Overcoming Challenges for Sustained Momentum
Saudia’s bullish tone is notable given the supply chain disruptions that have affected aircraft and engine availability across the industry, particularly in 2023. Von zur Muehlen has acknowledged these pressures but argued that the airline has navigated them more effectively than some regional peers by locking in long-term maintenance and procurement agreements and by sequencing fleet upgrades to avoid overreliance on any single supplier. That approach has helped Saudia keep more aircraft in service and maintain its expansion timetable, a critical factor for Vision 2030 planners who depend on predictable capacity to support tourism campaigns and investment roadshows.
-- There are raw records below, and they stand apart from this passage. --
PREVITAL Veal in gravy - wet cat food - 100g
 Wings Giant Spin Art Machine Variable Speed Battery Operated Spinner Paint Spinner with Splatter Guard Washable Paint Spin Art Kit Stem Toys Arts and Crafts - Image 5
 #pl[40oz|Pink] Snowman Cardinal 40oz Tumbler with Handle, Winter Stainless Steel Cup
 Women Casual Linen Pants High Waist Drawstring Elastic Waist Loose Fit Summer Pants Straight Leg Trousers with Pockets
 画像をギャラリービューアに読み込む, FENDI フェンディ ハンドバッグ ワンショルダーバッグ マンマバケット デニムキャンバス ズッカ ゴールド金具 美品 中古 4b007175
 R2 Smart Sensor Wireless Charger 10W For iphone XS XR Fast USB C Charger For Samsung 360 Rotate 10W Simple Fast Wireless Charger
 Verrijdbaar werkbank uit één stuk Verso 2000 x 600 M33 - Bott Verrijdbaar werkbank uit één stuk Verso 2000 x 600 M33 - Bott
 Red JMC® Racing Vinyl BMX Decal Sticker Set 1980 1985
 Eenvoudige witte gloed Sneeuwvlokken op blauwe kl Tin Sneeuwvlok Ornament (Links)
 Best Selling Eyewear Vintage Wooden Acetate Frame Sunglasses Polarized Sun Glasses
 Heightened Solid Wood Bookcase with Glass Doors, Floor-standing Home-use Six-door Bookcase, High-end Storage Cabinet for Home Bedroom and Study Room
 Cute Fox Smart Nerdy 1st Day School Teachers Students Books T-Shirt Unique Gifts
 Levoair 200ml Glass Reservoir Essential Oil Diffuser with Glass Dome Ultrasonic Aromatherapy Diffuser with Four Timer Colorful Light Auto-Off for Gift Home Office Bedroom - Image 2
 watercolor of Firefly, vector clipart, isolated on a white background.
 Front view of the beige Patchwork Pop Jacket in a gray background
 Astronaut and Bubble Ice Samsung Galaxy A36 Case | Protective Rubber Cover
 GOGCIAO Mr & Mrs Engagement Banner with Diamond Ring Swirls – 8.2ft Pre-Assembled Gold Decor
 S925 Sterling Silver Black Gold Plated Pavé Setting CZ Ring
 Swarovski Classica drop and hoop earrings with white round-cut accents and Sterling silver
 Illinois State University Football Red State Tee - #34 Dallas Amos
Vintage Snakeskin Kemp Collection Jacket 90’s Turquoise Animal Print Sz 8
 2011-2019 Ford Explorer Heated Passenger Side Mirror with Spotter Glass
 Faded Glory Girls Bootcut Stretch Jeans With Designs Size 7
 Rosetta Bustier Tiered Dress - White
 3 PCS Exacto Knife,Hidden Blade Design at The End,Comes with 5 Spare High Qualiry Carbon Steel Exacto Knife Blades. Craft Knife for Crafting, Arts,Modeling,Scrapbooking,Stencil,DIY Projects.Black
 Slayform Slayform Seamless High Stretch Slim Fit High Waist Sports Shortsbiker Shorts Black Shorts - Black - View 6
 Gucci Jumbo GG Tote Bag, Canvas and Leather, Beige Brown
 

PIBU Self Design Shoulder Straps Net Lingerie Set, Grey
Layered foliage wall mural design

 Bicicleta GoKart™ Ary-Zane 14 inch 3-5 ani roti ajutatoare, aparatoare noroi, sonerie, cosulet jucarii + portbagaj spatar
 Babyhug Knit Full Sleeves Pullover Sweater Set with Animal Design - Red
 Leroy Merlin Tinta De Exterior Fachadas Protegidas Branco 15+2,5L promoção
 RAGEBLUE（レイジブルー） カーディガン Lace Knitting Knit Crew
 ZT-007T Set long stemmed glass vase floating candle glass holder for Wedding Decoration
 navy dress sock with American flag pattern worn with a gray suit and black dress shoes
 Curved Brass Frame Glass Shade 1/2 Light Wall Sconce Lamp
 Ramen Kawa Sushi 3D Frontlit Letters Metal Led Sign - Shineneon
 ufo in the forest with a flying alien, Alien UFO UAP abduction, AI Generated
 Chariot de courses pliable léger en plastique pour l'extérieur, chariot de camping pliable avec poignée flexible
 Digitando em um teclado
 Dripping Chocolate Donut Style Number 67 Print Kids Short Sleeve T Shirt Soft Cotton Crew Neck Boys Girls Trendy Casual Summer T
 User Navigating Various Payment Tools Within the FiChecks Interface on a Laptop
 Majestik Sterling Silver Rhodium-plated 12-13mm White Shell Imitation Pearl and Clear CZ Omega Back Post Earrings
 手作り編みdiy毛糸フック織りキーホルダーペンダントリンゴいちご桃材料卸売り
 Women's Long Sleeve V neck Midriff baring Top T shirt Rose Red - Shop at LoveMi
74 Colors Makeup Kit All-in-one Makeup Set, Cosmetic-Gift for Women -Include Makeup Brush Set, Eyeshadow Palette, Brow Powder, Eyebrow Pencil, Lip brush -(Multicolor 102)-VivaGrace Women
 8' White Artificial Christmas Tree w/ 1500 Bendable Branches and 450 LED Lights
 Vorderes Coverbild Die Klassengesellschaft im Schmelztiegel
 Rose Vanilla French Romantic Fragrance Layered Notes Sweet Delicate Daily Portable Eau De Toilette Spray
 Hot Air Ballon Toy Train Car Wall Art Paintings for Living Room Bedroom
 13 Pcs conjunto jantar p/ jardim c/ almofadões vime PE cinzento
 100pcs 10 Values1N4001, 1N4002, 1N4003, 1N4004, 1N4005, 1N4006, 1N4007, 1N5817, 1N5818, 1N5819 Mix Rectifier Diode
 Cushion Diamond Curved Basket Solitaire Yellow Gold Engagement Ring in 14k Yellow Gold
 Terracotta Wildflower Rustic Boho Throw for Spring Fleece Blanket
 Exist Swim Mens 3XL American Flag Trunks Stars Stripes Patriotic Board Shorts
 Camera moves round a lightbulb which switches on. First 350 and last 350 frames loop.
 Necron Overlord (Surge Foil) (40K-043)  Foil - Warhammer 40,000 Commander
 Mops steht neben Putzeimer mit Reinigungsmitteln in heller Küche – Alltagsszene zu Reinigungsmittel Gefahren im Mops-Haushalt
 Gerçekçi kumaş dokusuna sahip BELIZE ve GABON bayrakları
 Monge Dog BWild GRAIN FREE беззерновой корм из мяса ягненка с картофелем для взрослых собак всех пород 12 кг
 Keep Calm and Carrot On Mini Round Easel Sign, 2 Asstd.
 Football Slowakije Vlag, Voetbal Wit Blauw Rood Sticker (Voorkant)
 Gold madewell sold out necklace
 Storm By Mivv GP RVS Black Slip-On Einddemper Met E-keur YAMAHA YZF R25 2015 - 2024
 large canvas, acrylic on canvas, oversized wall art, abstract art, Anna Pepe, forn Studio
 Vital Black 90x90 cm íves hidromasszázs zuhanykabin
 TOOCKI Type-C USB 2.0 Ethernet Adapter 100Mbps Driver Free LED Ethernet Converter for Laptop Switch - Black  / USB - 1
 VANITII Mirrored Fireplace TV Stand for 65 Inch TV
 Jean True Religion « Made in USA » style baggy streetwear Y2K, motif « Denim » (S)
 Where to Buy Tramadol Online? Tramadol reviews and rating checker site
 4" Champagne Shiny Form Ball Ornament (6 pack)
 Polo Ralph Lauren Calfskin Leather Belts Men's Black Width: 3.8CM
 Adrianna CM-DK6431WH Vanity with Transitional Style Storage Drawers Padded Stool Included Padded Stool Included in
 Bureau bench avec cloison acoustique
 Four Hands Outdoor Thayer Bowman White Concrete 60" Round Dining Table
Workforce development is another pillar of Saudia’s strategy to sustain momentum, with the airline aligning training and recruitment programs to Vision 2030’s Saudization targets. Management has highlighted initiatives to upskill Saudi pilots, cabin crew, and ground staff, as well as technical specialists in areas such as digital operations and revenue management, so that the carrier can grow without importing all of its expertise. Von zur Muehlen has described these efforts as part of the “bullish” case for Saudia’s future, arguing that a skilled local workforce reduces exposure to geopolitical and economic shocks by anchoring critical capabilities inside the kingdom. For employees and policymakers alike, that focus on human capital suggests that the current growth phase is intended to be durable, not a short-lived surge tied only to aircraft orders.